Single by Luke Combs

from the album Gettin' Old
- Released: October 16, 2023
- Genre: Country
- Length: 3:59
- Label: Columbia; River House;
- Songwriters: Randy Montana; Dave Turnbull;
- Producers: Chip Matthews; Luke Combs; Jonathan Singleton;

Luke Combs singles chronology
| "Life Goes On" (2023) | "Where the Wild Things Are" (2023) | "Ain't No Love in Oklahoma" (2024) |

= Where the Wild Things Are (song) =

"Where the Wild Things Are" is a song written by Randy Montana and Dave Turnbull, and recorded by American country music singer Luke Combs. It was released on October 16, 2023 as the third single from his fourth studio album Gettin' Old.

==History and content==
Songwriters Randy Montana and Dave Turnbull wrote "Where the Wild Things Are" several years prior to it being recorded by Combs. According to Combs in an interview with the blog Country Now, the song was originally submitted to Eric Church, who declined to record it. Billy Dukes of Taste of Country thought the song had "outlaw" imagery and noted it to be one of the few "storytelling" songs in Combs's discography.

==Commercial performance==
"Where the Wild Things Are" peaked at number three on the Billboard Country Airplay chart in late February 2024, becoming Combs's second single to miss the number one spot on that chart, and with a number four peak on Hot Country Songs, it was his first single to miss the top spot on either.
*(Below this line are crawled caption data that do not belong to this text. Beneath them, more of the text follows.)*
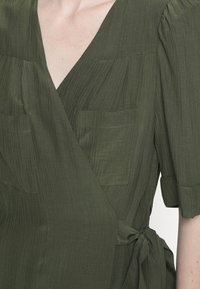 Olive green wrap top made of textured fabric, featuring short sleeves and two front pockets. Includes a tie at the waist for closure.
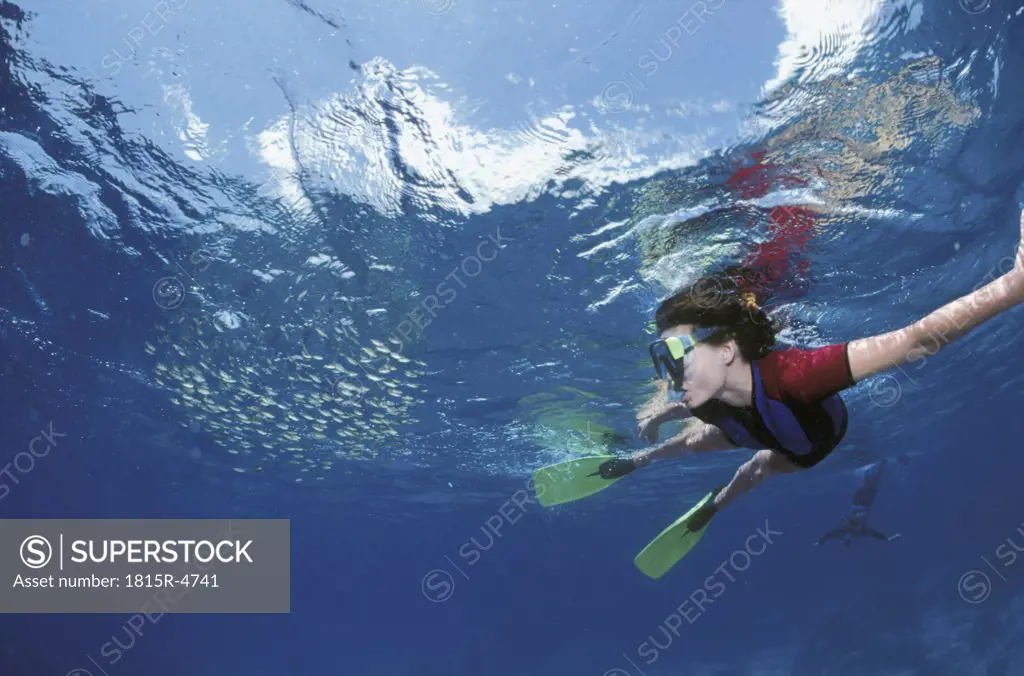 Young woman snorkeling, underwater view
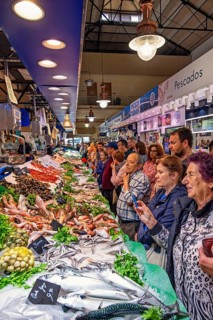 People shopping at a fish stall in fish market at a market hall, Palma de Mallorca, Mallorca, Spain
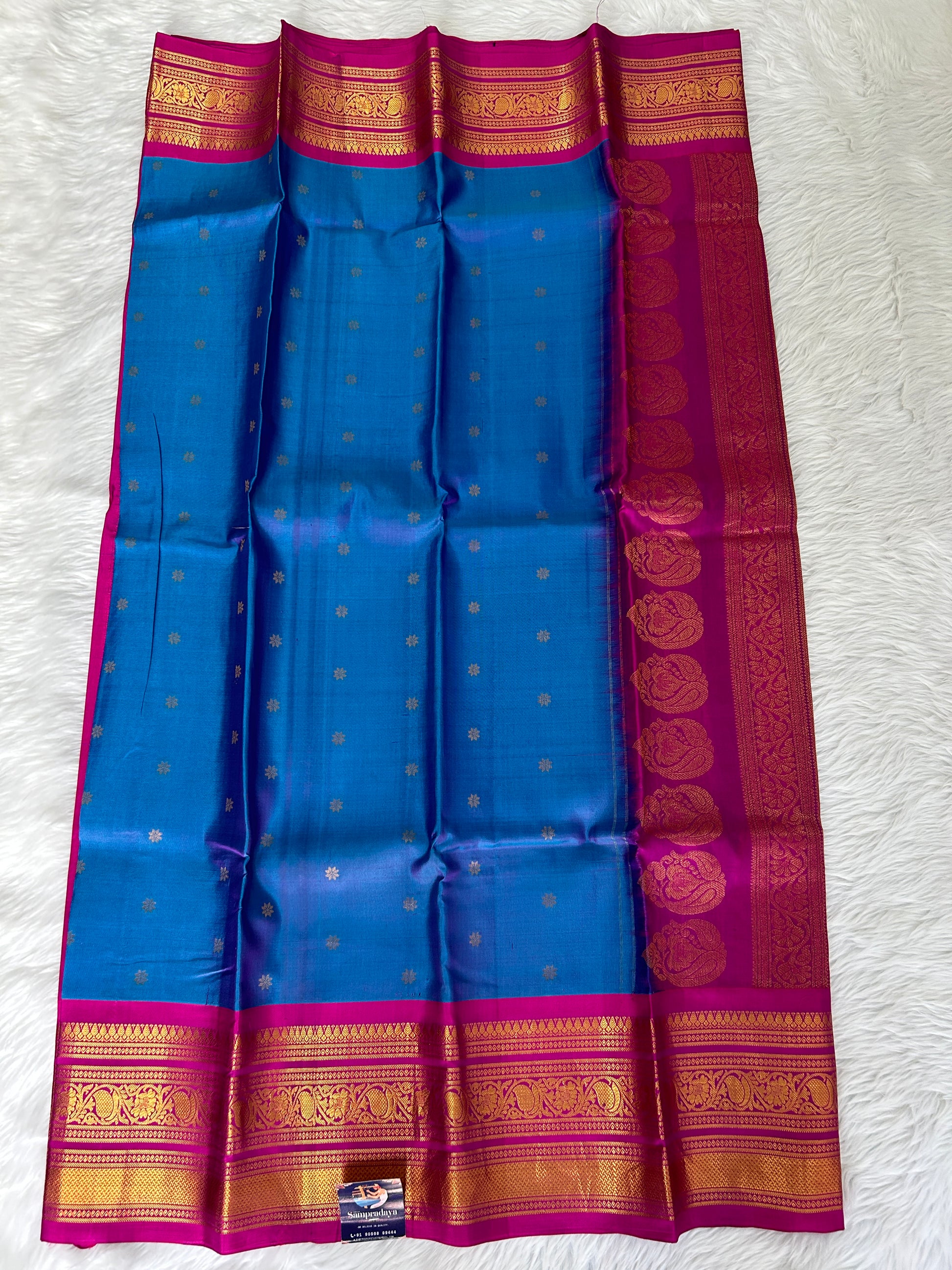 Gadwal Pattu Saree Deep Sea Blue-colored saree complemented with a magenta pink border - Sampradaya Designer Studio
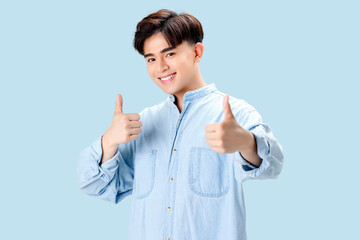 Happy young Asian smart man show  thumbs up over isolated blue background.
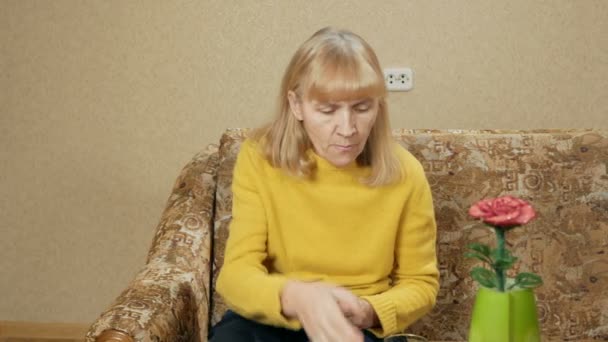 Sick senior woman taking pills in house on a sofa and drinks water in a glass. She makes several smooth liquid. The concept of health in the elderly — Stock Video
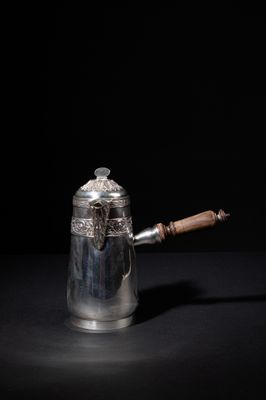 an antique silver coffee pot with a wooden handle on a black background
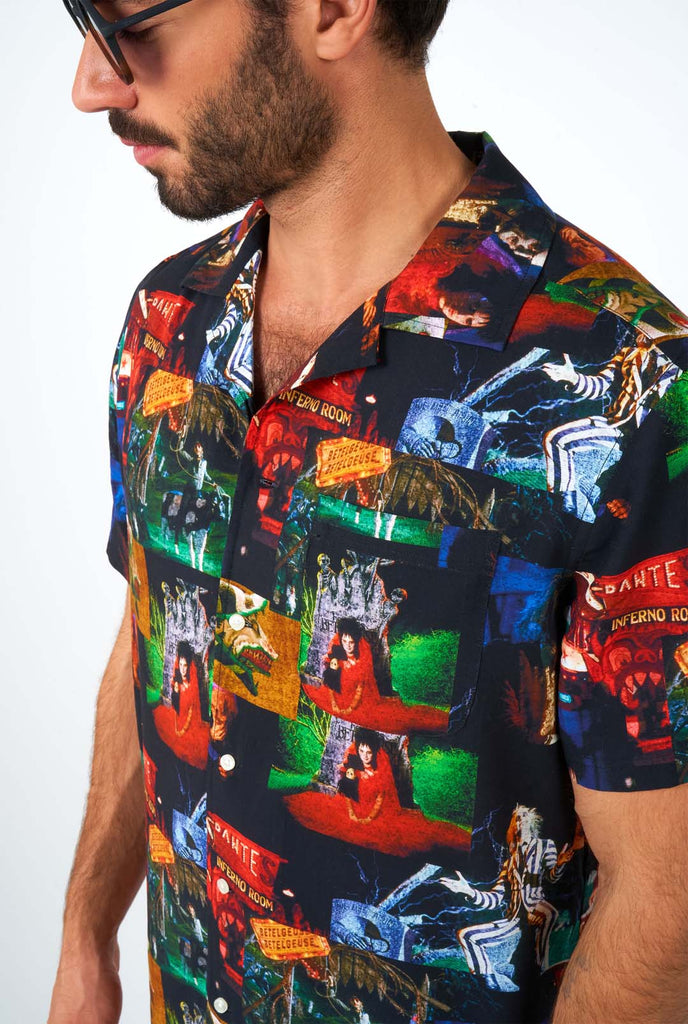 Man wearing Hawaiian shirt with Beetlejuice print, close up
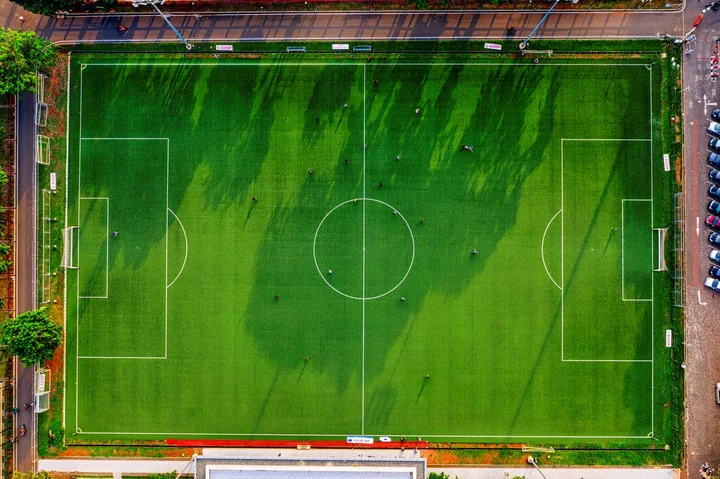An aerial view of a marked football pitch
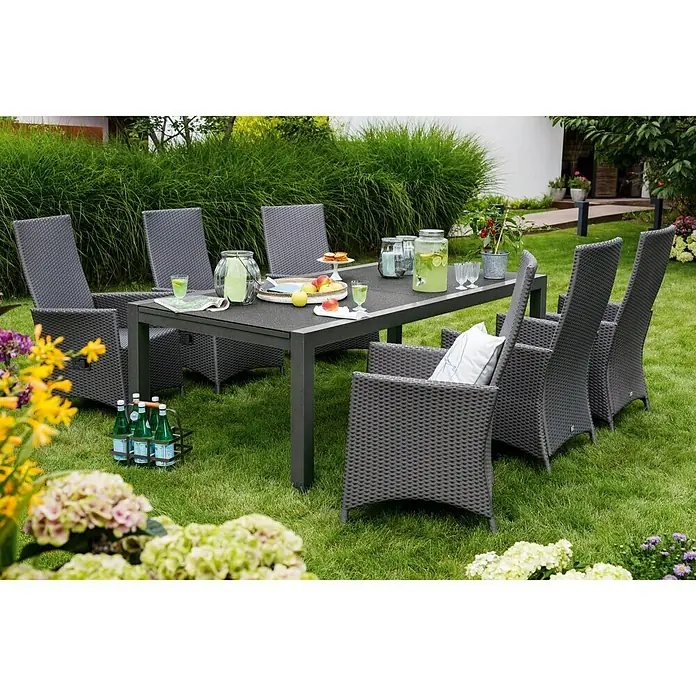 Sunfun Maja Mesa de jardín XL - L x An x Al: 280 x 100 x 75 cm, Aluminio, vidrio, Rectangular, Antracita, Extensible - Un juego de comedor gris para exteriores con mesa y sillas, rodeado de exuberante vegetación, ideal para reuniones al aire libre.
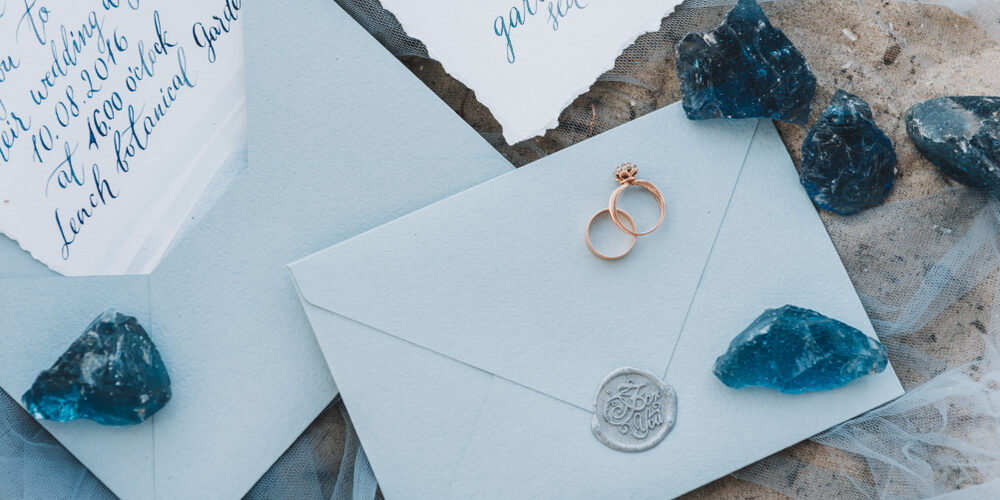 Wedding,And,Engagement,Rings,On,An,Envelope,Next,To,Invitation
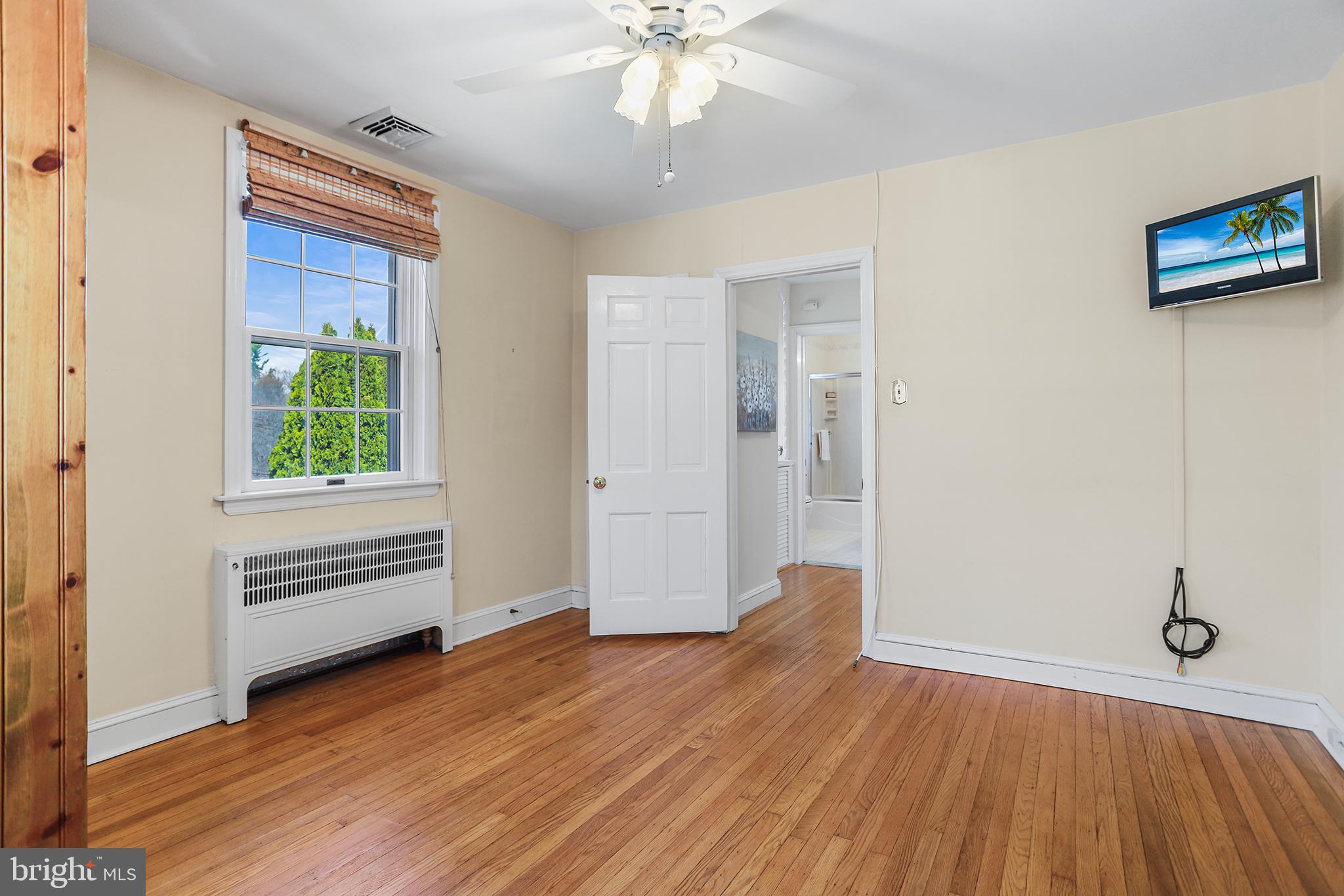 242 North Rolling Road Springfield, PA 19064 - Photo 22 of 37 wooden floor in an empty room with a window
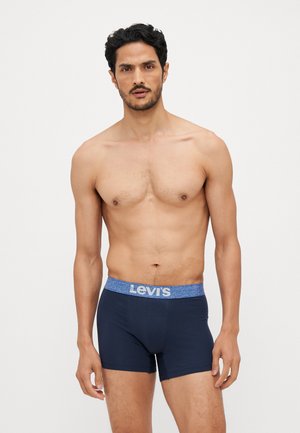 Die dunkelblauen Boxershorts für Herren von Levi's verfügen über eine weiche Textur, ein körpernahes Design und einen hellblauen elastischen Bund mit "Levi's"-Logo.
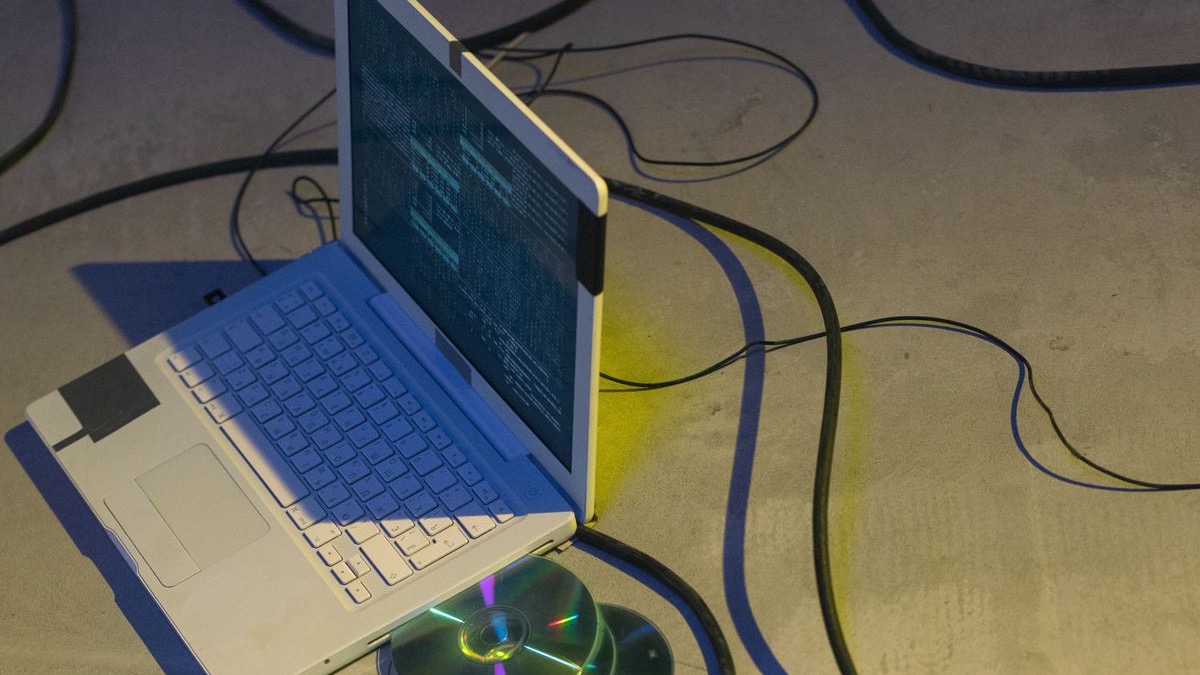 An old white laptop showing a terminal screen, surrounded by cables and CDs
It did, however, reach number one on the Canada Country chart.

==Charts==
===Weekly charts===

Weekly chart performance for "Where the Wild Things Are"
| Chart (2023–2026) | Peak position |
|---|---|
| Australia (ARIA) | 24 |
| Australia Country Hot 50 (The Music) | 14 |
| Canada Hot 100 (Billboard) | 26 |
| Canada Country (Billboard) | 1 |
| Global 200 (Billboard) | 108 |
| Ireland (IRMA) | 14 |
| Sweden Heatseeker (Sverigetopplistan) | 7 |
| UK Singles (Official Charts) | 37 |
| UK Country Airplay (Radiomonitor) | 18 |
| US Billboard Hot 100 | 26 |
| US Country Airplay (Billboard) | 3 |
| US Hot Country Songs (Billboard) | 4 |

===Year-end charts===

2024 year-end chart performance for "Where the Wild Things Are"
| Chart (2024) | Position |
|---|---|
| Australia (ARIA) | 68 |
| Canada (Canadian Hot 100) | 69 |
| Global 200 (Billboard) | 196 |
| US Billboard Hot 100 | 70 |
| US Country Airplay (Billboard) | 39 |
| US Hot Country Songs (Billboard) | 14 |

2025 year-end chart performance for "Where the Wild Things Are"
| Chart (2025) | Position |
|---|---|
| Australia (ARIA) | 70 |

==Certifications==

Certifications for "Where the Wild Things Are"
| Region | Certification | Certified units/sales |
| Australia (ARIA) | 3× Platinum | 210,000^{‡} |
| Canada (Music Canada) | Platinum | 80,000^{‡} |
| New Zealand (RMNZ) | Platinum | 30,000^{‡} |
| United Kingdom (BPI) | Platinum | 600,000^{‡} |
| United States (RIAA) | 4× Platinum | 4,000,000^{‡} |
^{‡} Sales+streaming figures based on certification alone.